**PROBLEM TO SOLVE**
Nothing but the pictures is dropped; write out all the remaining data below exactly.

-------- RECORDED INFORMATION

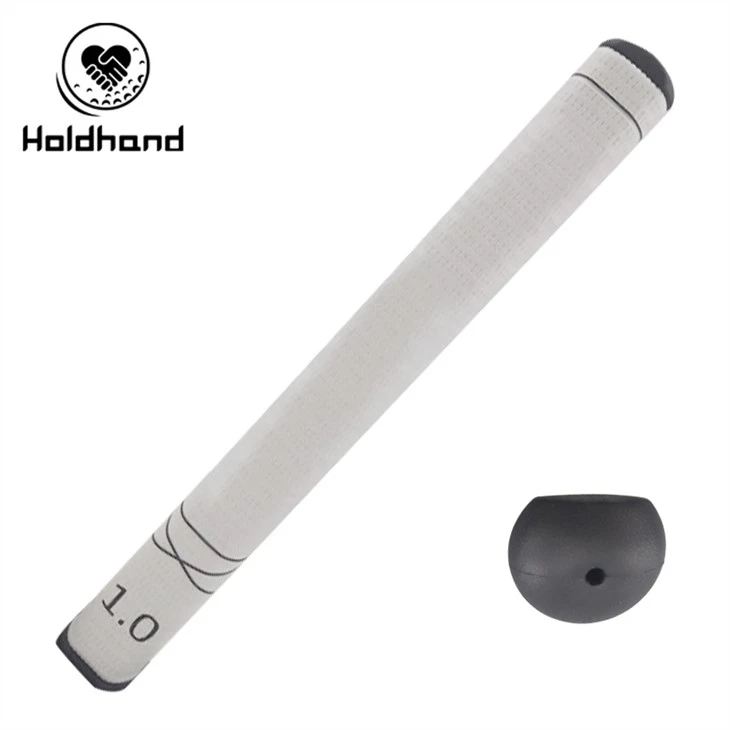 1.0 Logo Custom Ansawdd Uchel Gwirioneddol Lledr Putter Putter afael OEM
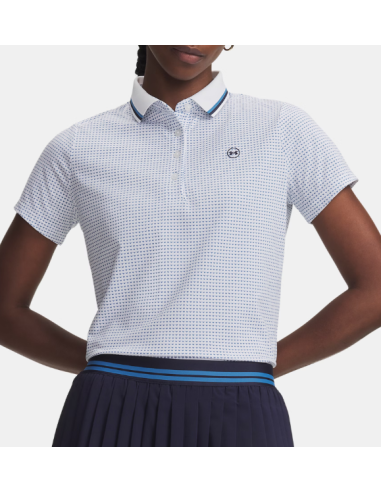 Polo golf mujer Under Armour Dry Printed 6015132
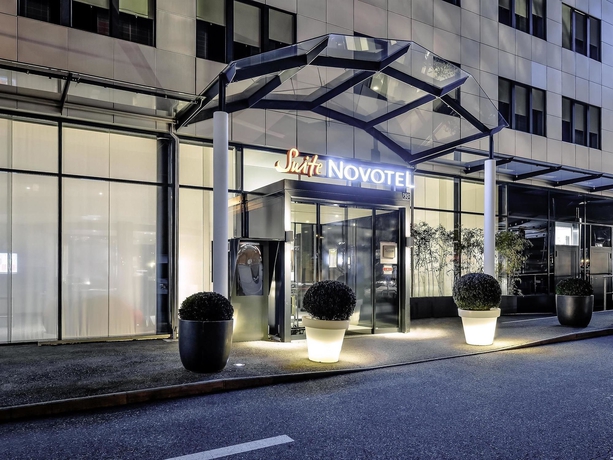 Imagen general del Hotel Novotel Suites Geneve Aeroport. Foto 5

----------------

**ANSWER TO THIS TASK**
 1.0 Logo Custom Ansawdd Uchel Gwirioneddol Lledr Putter Putter afael OEM
 Polo golf mujer Under Armour Dry Printed 6015132
 Imagen general del Hotel Novotel Suites Geneve Aeroport. Foto 5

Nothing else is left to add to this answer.